So the Pali Canon Buddha shies away from defining the self in any way. It's quite popular nowadays in Dharma to define the self as, "The self is the continuum of moment-to-moment arising and passing of the aggregates. That's what the self is." Actually the Buddha never said that. I don't know one instance where he said that. He really shies away from definitions. And very pragmatic, very practical, he says, is it possible for you to look at experience in the moment -- actually phenomena, not just experience; it includes consciousness -- and actually see it as not me, not mine, in the moment? Learn, practise to see it that way. And as such, he's teaching a kind of strategy. He's teaching an approach that leads to freedom. As I've said before, it's practising ways of seeing, practising ways of looking that lead to freedom. This learning to disidentify -- "not me, not mine, just happening, all this stuff is just happening" -- that's a way of looking that leads to freedom, and it's something that the Buddha encourages us to practise.

[29:13] Often when I talk about not-self, I actually explore that avenue of practice, and kind of fill that out more in the details. It's a beautiful, beautiful way of practising, and really an art that can deepen. But I want to take a different tack in this talk. Another approach that the Buddha took is actually present in the original teachings. This has to do with seeing the way that we conceive the self -- and by 'conceive,' I mean 'sense' the self or 'view' the self or 'feel' the self. Again, I don't just mean an intellectual concept. The way we conceive the self and the way we conceive the world -- those two arise together. The way we conceive the self and the way we conceive the world arise together.
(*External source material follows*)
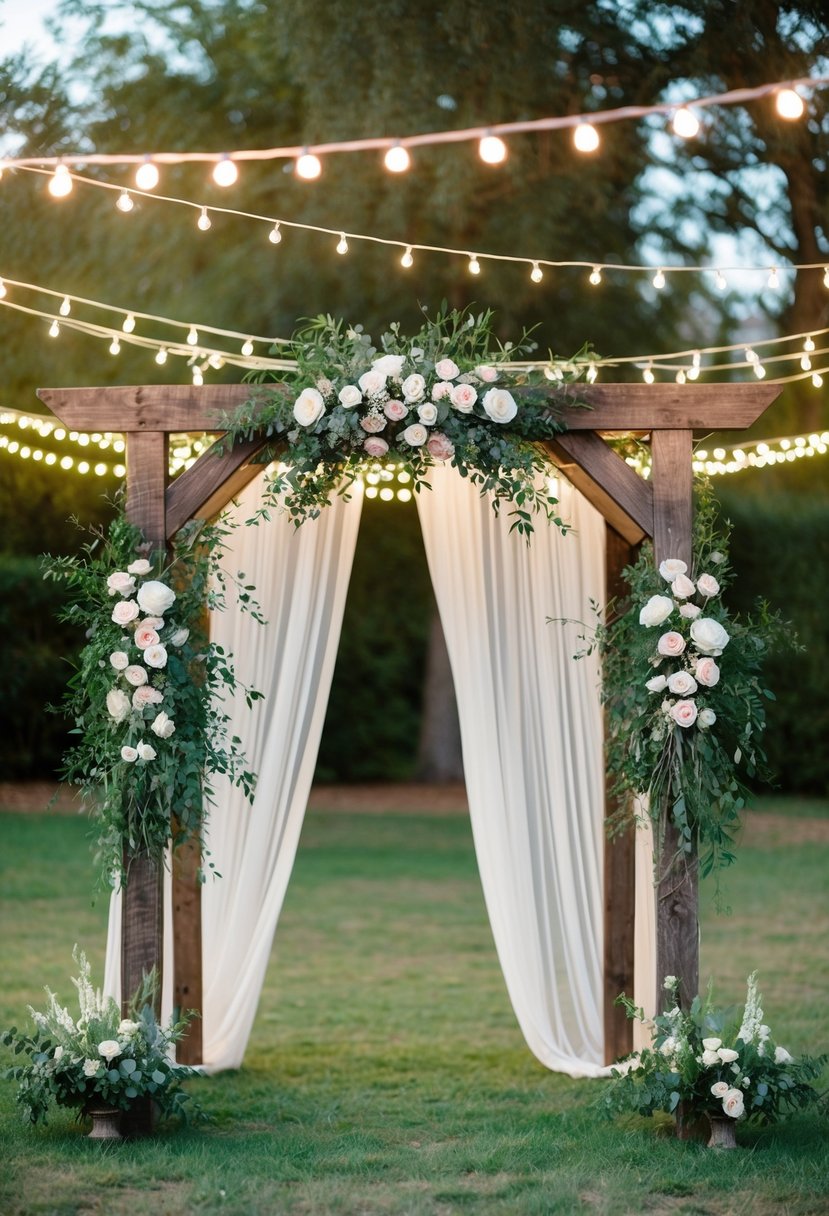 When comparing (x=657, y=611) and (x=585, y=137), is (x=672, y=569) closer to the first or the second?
(x=657, y=611)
This is a slightly different angle now.

For example, I might have woven into my story, "I am the victim. I am a victim" of whatever. And in that, a certain view of the world is also woven into that view of the self. They go together. To see myself as a victim means I'm seeing the world in a certain way. To see myself as powerless also means I see the world a certain way. To see myself as having power over -- again, this self and this world, they have a mutual relationship there. Or power in the world. But even more subtly, something like, "The self is irritated. I am irritated" -- there is the one who is irritated, and the thing in the world that I am irritated at, arising together, mutually dependent.
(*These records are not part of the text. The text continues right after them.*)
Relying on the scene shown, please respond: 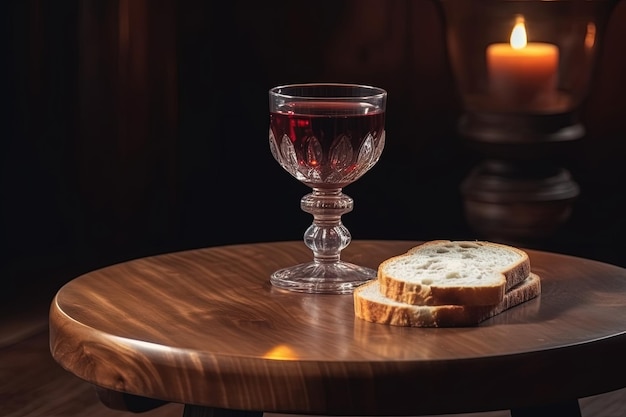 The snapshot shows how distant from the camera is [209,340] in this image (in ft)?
3.62

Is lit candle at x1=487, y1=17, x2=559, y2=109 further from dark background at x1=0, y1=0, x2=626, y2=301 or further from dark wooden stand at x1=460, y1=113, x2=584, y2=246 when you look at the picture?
dark background at x1=0, y1=0, x2=626, y2=301

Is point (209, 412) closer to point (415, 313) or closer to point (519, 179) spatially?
point (415, 313)

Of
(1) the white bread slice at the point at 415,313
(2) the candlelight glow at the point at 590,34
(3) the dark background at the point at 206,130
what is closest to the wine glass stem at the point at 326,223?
(1) the white bread slice at the point at 415,313

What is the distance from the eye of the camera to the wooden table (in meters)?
1.03

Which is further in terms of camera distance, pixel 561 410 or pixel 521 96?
pixel 521 96

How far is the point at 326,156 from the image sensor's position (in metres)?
1.33

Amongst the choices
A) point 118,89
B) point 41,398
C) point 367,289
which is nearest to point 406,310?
point 367,289

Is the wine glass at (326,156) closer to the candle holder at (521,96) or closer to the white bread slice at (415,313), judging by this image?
the white bread slice at (415,313)

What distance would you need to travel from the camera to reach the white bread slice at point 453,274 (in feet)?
3.84

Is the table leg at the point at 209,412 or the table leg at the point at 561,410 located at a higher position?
the table leg at the point at 209,412

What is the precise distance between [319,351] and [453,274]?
23 cm

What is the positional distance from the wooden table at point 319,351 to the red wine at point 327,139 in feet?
0.46

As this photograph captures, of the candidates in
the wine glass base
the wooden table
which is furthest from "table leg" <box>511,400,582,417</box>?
the wine glass base

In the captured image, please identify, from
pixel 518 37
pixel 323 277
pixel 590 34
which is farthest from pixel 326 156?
pixel 590 34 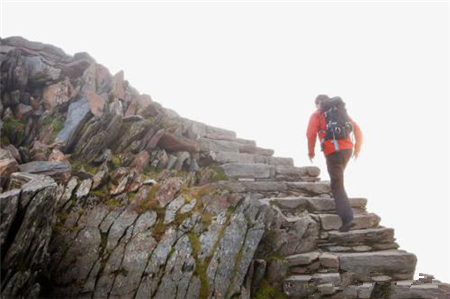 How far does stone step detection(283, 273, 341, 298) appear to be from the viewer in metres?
8.10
A very normal, common, almost unnoticed way of being in the world and conceiving the self in the world -- and we don't often realize that we do this -- is the self is a centre of getting. It's a centre of acquisition, and the world is a field of things to get and things to avoid. If you think about that for a while, oftentimes that's how we see the self in the world. We don't deliberately say to others that we see -- well, sometimes we do -- but we don't deliberately say to others that. But that's the kind of feeling we have. It's like this thing here somehow is a centre of getting stuff that I want, all different kinds of stuff, and avoiding that which I don't want, and that out there is the field of acquiring or avoiding all that. But even more subtle: the self is the experiencer, the world is the experienced. The self is the knower, the world is the known. Self is subject, world is object. All of these ways of conceiving of self, whether they're gross or subtle, they arise together, mutually dependent.
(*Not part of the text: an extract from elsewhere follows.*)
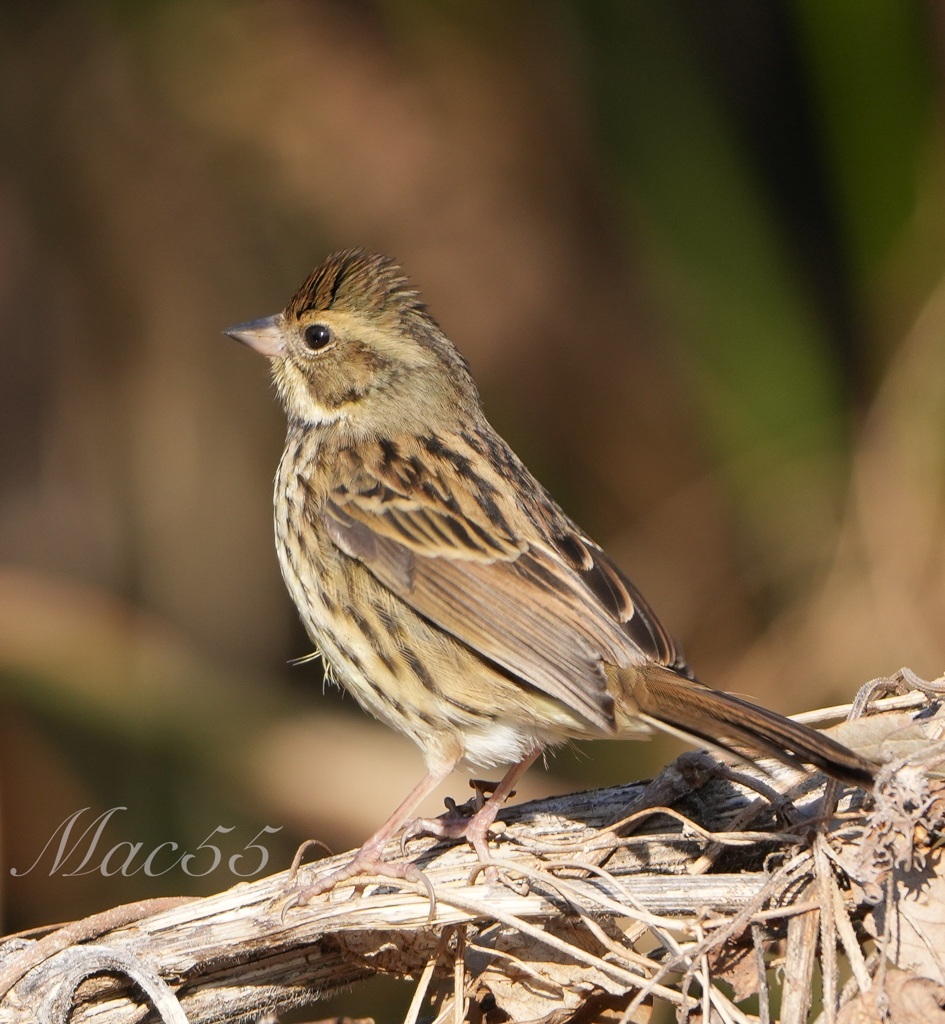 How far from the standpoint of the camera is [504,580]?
133 inches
Again, if we go back to the story level of the self, the story of my self must include a kind of sense of how the world is or how others are. That could be explicit in the story, conscious, or it could just be implicitly woven in there. So this is something we really want to explore. It's another avenue in to the whole anattā question. It points to something extremely profound to explore here, this mutual arising of self and the world. It also begs the question: if there are all these different ways of conceiving the self and the world together, which ways of conceiving them -- conceiving the self's relationship to the world -- which ways are helpful? And remember, going back to what I said right at the beginning, that's the fundamental question in the Dharma. That's the fundamental question. Which ways of conceiving the self and the world lead to suffering, and which ways lead to freedom?

So we could see the self as giving to the world. Beautiful. We could see the self as healing the world, we're healing. We can serve the world. We can, again, take pleasure from the world. We could see: "I am connected to the world," or "I am a participant in the world," or again, "I'm a victim" -- whatever. All these are views, and they arise mutually. The view of the self and the view of the world, they arise mutually like that. And the question is, out of all the available ones, which ones are helpful? Which ones do we want to encourage? Which ones lead us to more beauty, to more openness of heart, to more freedom? Because we actually can have a choice in this. That's the fundamental Dharma question.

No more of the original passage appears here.